• **Data supplied**
>>>>
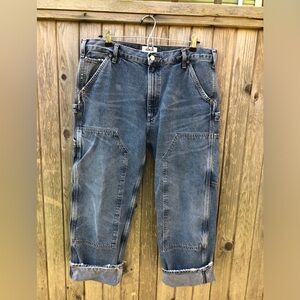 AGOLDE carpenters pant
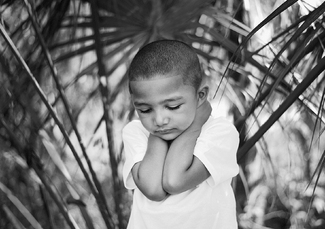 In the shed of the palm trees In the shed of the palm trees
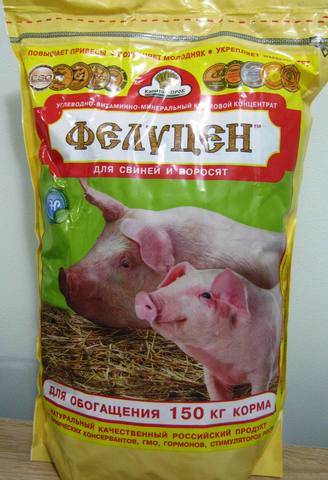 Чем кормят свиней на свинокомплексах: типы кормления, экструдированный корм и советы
<<<<
>>>>
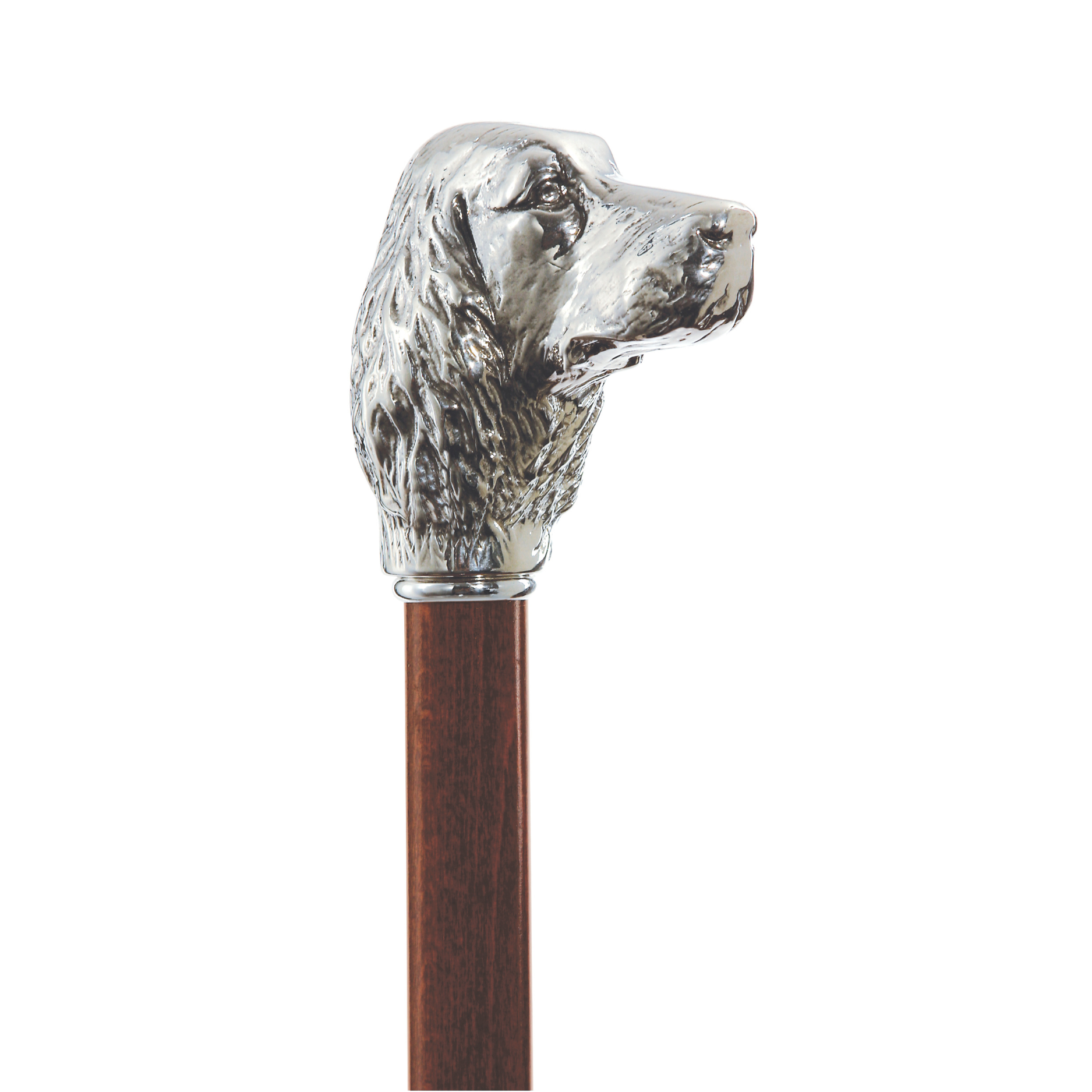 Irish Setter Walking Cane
<<<<
• **Problem details**
Set down again, exactly, every line above from the one with "AGOLDE carpenters pant" down to the one with "Чем кормят свиней", both ends included. No pictures, and nothing else.

• **Completed exercise**
 AGOLDE carpenters pant
 In the shed of the palm trees In the shed of the palm trees
 Чем кормят свиней на свинокомплексах: типы кормления, экструдированный корм и советы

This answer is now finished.